**MATERIAL PROVIDED**
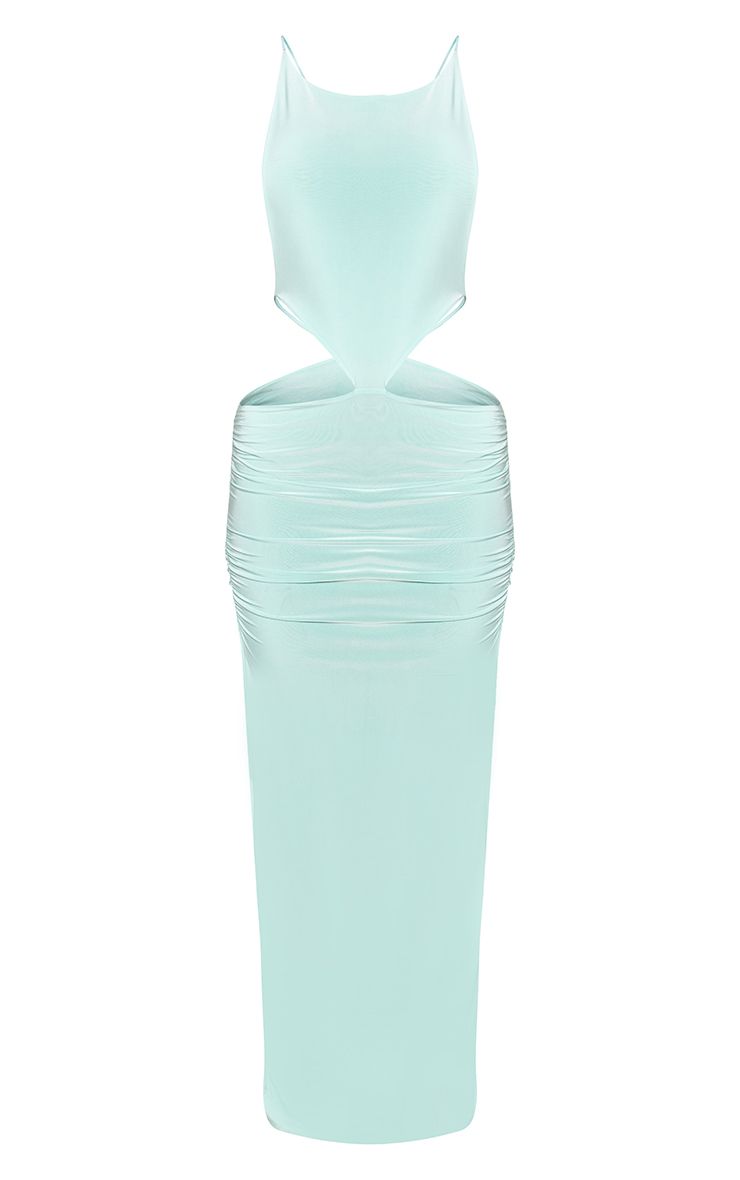 https://mediahub.prettylittlething.com/cnq6430_aqua%20blue_xl_4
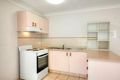 Property photo of 19/25-27 Darrambal Street Surfers Paradise QLD 4217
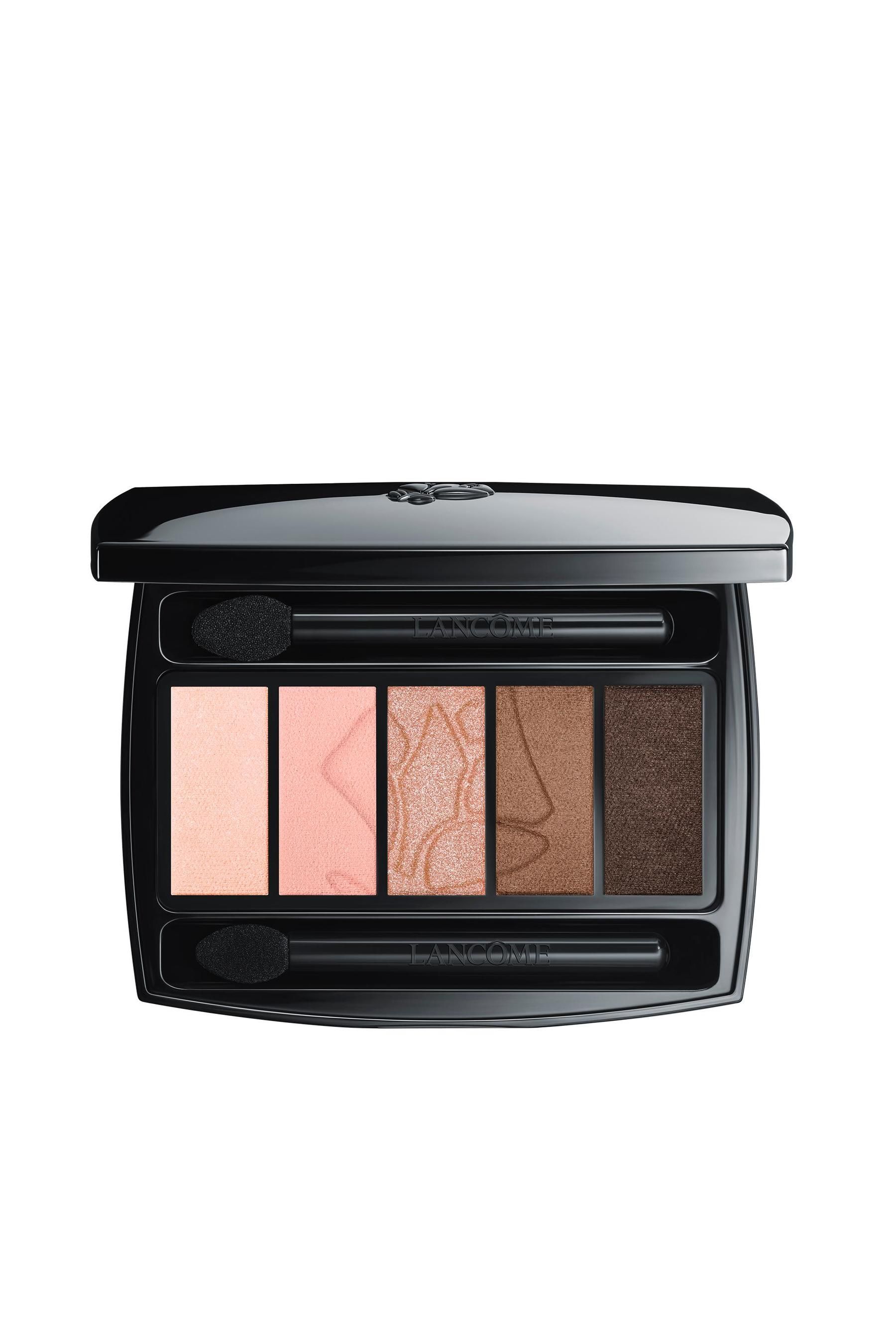 Buy Lancôme Hypnose Drama Eyeshadow Palette from the Next UK online shop
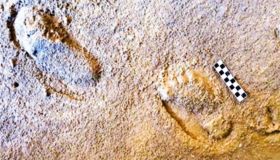 Una scoperta archeologica in Portogallo riscrive la storia dei Neanderthal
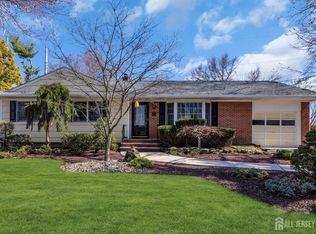 1430 Kearney Dr, North Brunswick, NJ 08902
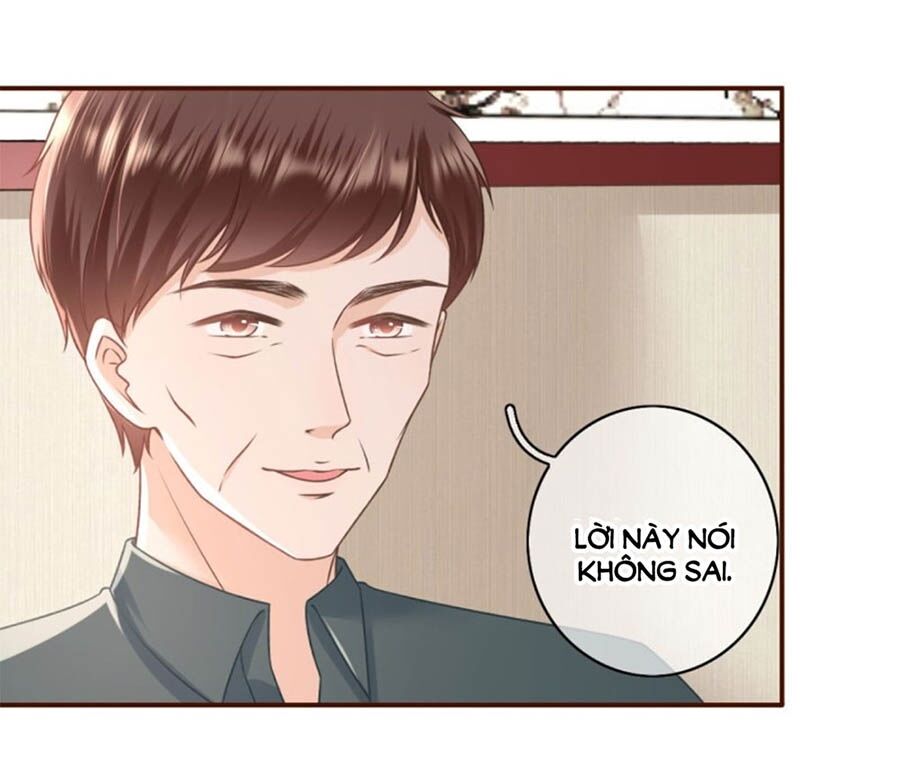 Bạn Gái Tôi Mới 30+ Chapter 46 - 25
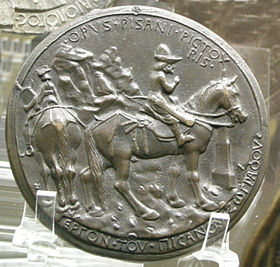 https://upload.wikimedia.org/wikipedia/commons/thumb/b/b9/CdM%2C_pisanello%2C_medaglia_di_giovanni_VIII_paleologo_v.JPG/280px-CdM%2C_pisanello%2C_medaglia_di_giovanni_VIII_paleologo_v.JPG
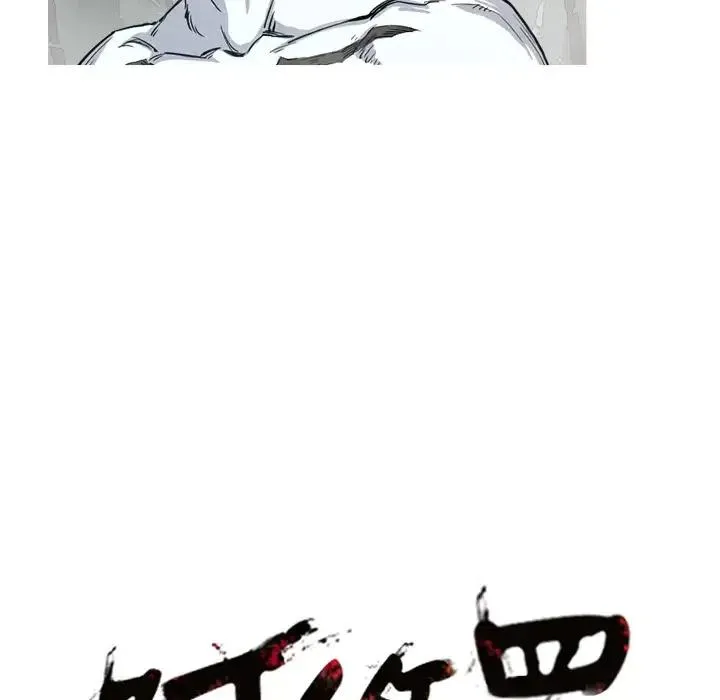 3 第108页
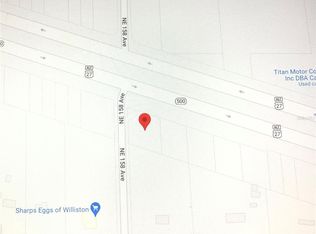 NW Us Highway 27 LOT 10, Williston, FL 32696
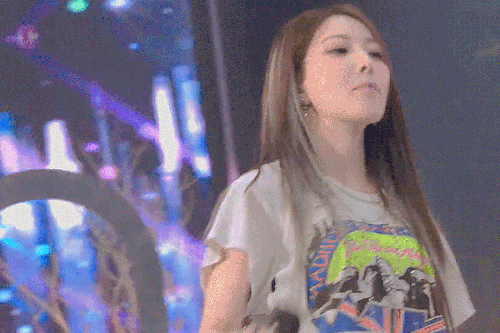 random3 (77).gif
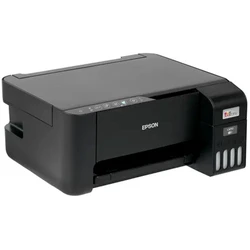 МФУ Epson EcoTank L3250 C11CJ67503 А4, Струйный, Цветная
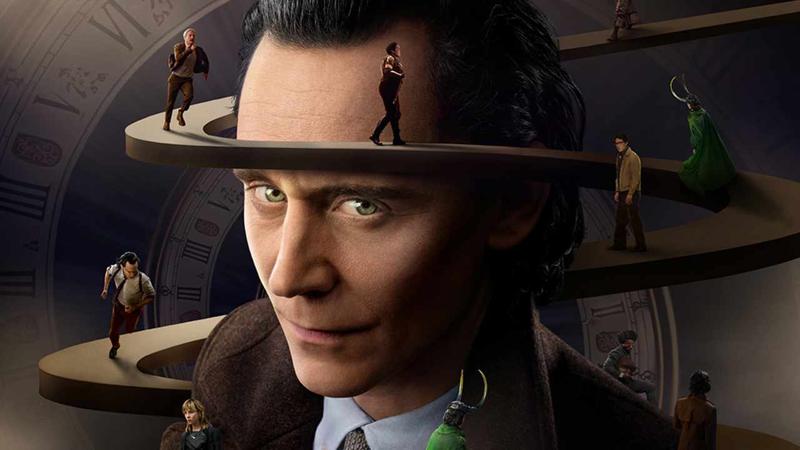 Loki Season 2 Review Axat the Marveler 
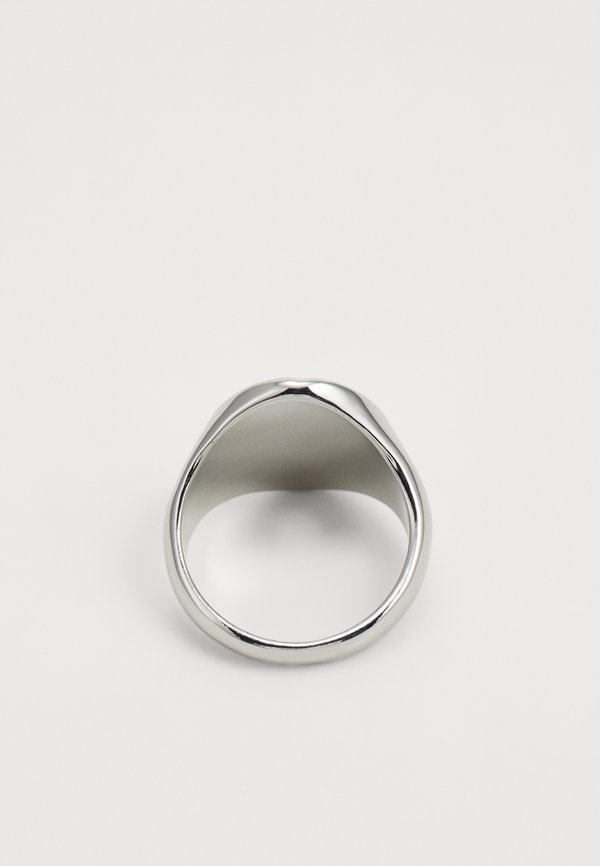 DYNASTY SNAKE SIGNET - Ring4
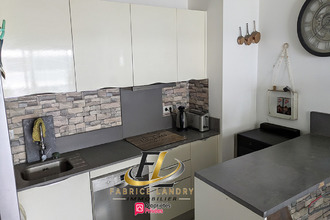  appartement canet-en-roussillon 66140
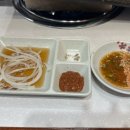 박사장집 서구청점 이미지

**EXERCISE BRIEF**
Your answer must be everything above from the line with "Buy Lancôme Hypnose" down to the line with "DYNASTY SNAKE SIGNET - Ring4", word for word, and no pictures.

**EXERCISE SOLUTION**
 Buy Lancôme Hypnose Drama Eyeshadow Palette from the Next UK online shop
 Una scoperta archeologica in Portogallo riscrive la storia dei Neanderthal
 1430 Kearney Dr, North Brunswick, NJ 08902
 Bạn Gái Tôi Mới 30+ Chapter 46 - 25
 https://upload.wikimedia.org/wikipedia/commons/thumb/b/b9/CdM%2C_pisanello%2C_medaglia_di_giovanni_VIII_paleologo_v.JPG/280px-CdM%2C_pisanello%2C_medaglia_di_giovanni_VIII_paleologo_v.JPG
 3 第108页
 NW Us Highway 27 LOT 10, Williston, FL 32696
 random3 (77).gif
 МФУ Epson EcoTank L3250 C11CJ67503 А4, Струйный, Цветная
 Loki Season 2 Review Axat the Marveler 
 DYNASTY SNAKE SIGNET - Ring4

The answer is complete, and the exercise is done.